Item 1.01. Entry into a Material Definitive Agreement.

On December 9, 2010, Morton’s Restaurant Group, Inc. (the “Company”), entered into a Credit and Guaranty Agreement, by and among the Company, Morton’s of Chicago, Inc. (“Morton’s of Chicago”), the parties designated as guarantors therein, the parties designated as lenders therein and Goldman Sachs Bank USA, as administrative agent, collateral agent and lead arranger (the “Credit Agreement”). Morton’s of Chicago is the borrower under the Credit Agreement and the Company and most of its domestic subsidiaries are guarantors. Morton’s of Chicago’s obligations under the Credit Agreement are secured by a pledge and security agreement providing for a pledge of substantially all of its assets and substantially all of the assets of the Company and certain domestic subsidiaries (the “Pledge and Security Agreement”). The Credit Agreement replaces the prior credit agreement dated as of February 14, 2006, as amended (the “Prior Credit Agreement”), which had a maturity date of February 14, 2011.

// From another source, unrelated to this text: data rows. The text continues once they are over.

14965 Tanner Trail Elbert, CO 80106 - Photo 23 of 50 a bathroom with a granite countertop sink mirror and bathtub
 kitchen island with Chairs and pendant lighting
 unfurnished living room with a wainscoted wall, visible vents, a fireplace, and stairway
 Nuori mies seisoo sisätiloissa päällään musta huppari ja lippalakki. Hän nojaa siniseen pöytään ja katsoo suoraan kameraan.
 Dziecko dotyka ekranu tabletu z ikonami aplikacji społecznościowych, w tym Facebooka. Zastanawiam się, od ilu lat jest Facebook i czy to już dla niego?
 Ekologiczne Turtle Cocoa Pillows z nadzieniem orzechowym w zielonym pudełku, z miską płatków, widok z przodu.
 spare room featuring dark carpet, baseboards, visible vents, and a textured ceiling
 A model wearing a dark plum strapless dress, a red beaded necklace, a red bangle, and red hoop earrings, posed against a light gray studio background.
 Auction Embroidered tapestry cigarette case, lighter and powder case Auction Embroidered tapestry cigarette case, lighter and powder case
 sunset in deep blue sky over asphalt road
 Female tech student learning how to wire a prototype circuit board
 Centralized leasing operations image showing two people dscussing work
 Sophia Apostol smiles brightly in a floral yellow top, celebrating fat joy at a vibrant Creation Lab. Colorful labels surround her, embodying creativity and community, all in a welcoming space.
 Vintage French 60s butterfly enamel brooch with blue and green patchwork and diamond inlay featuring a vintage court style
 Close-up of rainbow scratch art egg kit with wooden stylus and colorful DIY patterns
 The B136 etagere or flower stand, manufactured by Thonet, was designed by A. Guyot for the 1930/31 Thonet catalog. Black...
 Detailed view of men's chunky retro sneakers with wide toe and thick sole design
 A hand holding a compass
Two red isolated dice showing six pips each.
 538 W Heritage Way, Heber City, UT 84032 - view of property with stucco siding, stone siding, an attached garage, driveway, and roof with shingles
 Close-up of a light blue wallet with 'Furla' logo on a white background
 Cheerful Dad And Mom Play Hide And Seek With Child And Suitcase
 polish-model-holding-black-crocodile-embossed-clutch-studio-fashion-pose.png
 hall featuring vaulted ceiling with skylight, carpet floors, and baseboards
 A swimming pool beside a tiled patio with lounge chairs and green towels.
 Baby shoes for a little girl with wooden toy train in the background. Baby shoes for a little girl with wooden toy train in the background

Under the Credit Agreement, the lenders agreed to extend certain credit facilities to Morton’s of Chicago in an aggregate amount of up to $70,000,000, consisting of a $60,000,000 principal amount senior term loan and $10,000,000 aggregate principal amount of revolving commitments (the “Credit Facility”). The revolving commitments may be borrowed, repaid and reborrowed, as applicable, until the termination date thereof. The senior term loans have a maturity date of December 8, 2015, and the revolving commitments will terminate no later than December 8, 2015.

Interest on the borrowings under the Credit Agreement is payable, at the option of Morton’s of Chicago, at either a “Base Rate” or an “Adjusted LIBOR Rate,” in each case plus an applicable margin. The applicable margin for the Adjusted LIBOR Rate loans ranges from 4.50% to 5.50% and the applicable margin for the Base Rate loans ranges from 3.50% to 4.50%, in each case, based on the Company’s senior leverage ratio.

The Credit Agreement contains customary affirmative and negative covenants, financial tests and events of default for facilities of its type. The foregoing does not constitute a complete summary of the terms of the Credit Agreement and the Pledge and Security Agreement and reference is made to the complete form of the Credit Agreement and the Pledge and Security Agreement that are attached as Exhibit 10.1 and Exhibit 10.2 to this report and is hereby incorporated by reference herein.

On December 9, 2010, Morton’s of Chicago drew down approximately $61,064,789 under the Credit Facility to repay borrowings outstanding under the Previous Credit Agreement.

 

Item 1.02. Termination of a Material Definitive Agreement.

On December 9, 2010, contemporaneously with the effectiveness of the Credit Agreement, Morton’s of Chicago terminated the Prior Credit Agreement, the prior security agreement and the prior pledge agreement because they were being replaced by the Credit Agreement and the Pledge and Security Agreement, as discussed in Item 1.01 above. No early termination penalties were incurred by the Company.

 

Item 2.03. Creation of a Direct Financial Obligation or an Obligation under an Off-Balance Sheet Arrangement of a Registrant.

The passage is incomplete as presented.